Spectral Bias in Variational Quantum Machine Learning
Callum Duffy, Marcin Jastrzebski
TL;DR
This work provides a rigorous link between spectral bias in PQCs and the redundancy of Fourier coefficients induced by data encodings. It presents a Fourier-based framework to bound gradients at each frequency and shows experimentally that higher redundancy accelerates learning of those frequencies, while initialization and entanglement modulate the effect. The findings suggest practical circuit-design strategies to tailor the spectrum for specific tasks and offer a robustness perspective tied to redundancy. While demonstrated on synthetic tasks with single-qubit encodings, the approach points to broader applicability in guiding PQC architectures for improved high-frequency generalization.
Abstract
In this work, we investigate the phenomenon of spectral bias in quantum machine learning, where, in classical settings, models tend to fit low-frequency components of a target function earlier during training than high-frequency ones, demonstrating a frequency-dependent rate of convergence. We study this effect specifically in parameterised quantum circuits (PQCs).
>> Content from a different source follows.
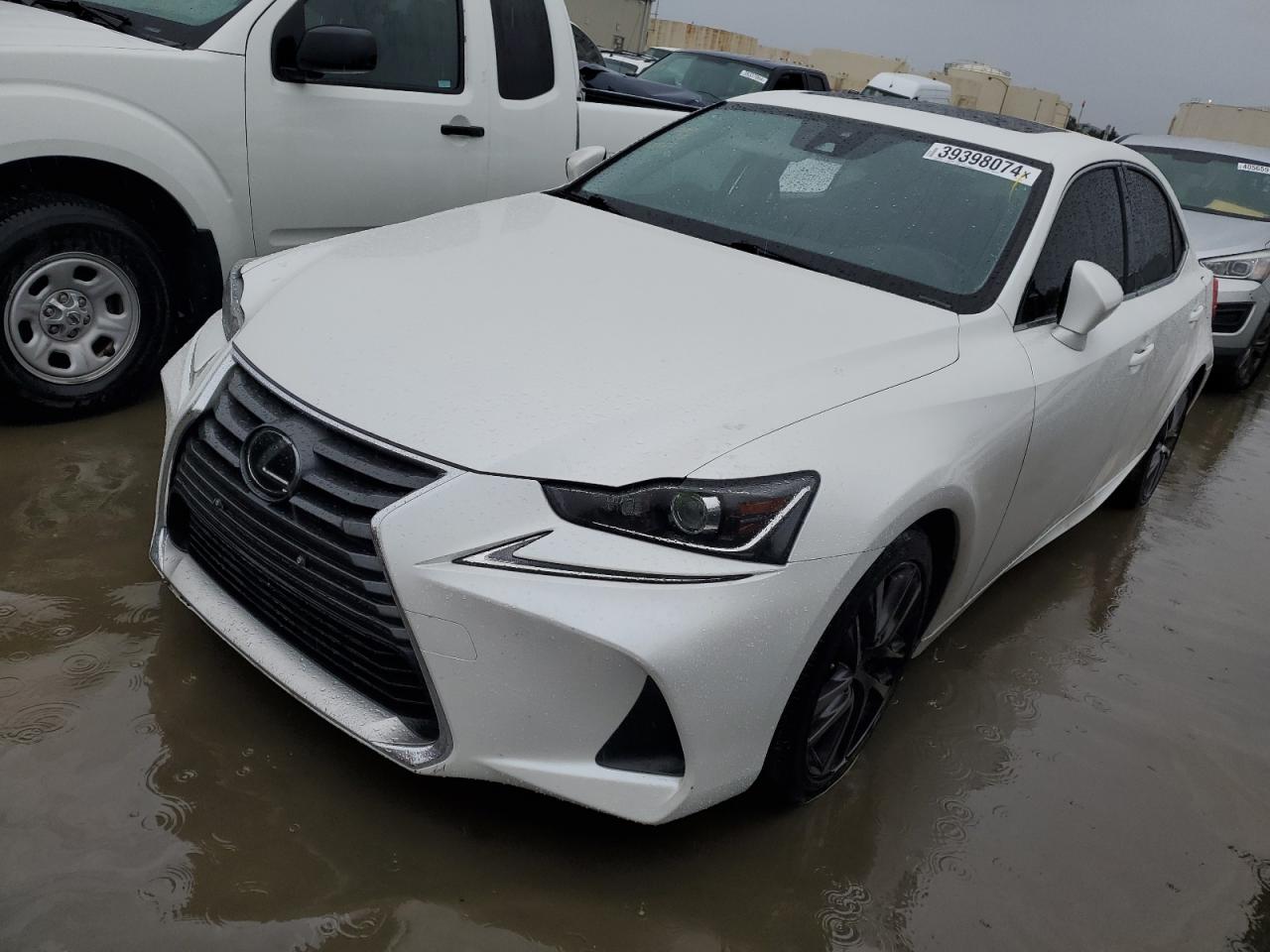 Photo 0 VIN: JTHBA1D28J5083817 - LEXUS IS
Leveraging the established formulation of PQCs as Fourier series, we prove that spectral bias in this setting arises from the ``redundancy'' of the Fourier coefficients, which denotes the number of terms in the analytical form of the model contributing to the same frequency component. The choice of data encoding scheme dictates the degree of redundancy for a Fourier coefficient. We find that the magnitude of the Fourier coefficients' gradients during training strongly correlates with the coefficients' redundancy. We then further demonstrate this empirically with three different encoding schemes. Additionally, we demonstrate that PQCs with greater redundancy exhibit increased robustness to random perturbations in their parameters at the corresponding frequencies. We investigate how design choices affect the ability of PQCs to learn Fourier sums, focusing on parameter initialization scale and entanglement structure, finding large initializations and low-entanglement schemes tend to slow convergence.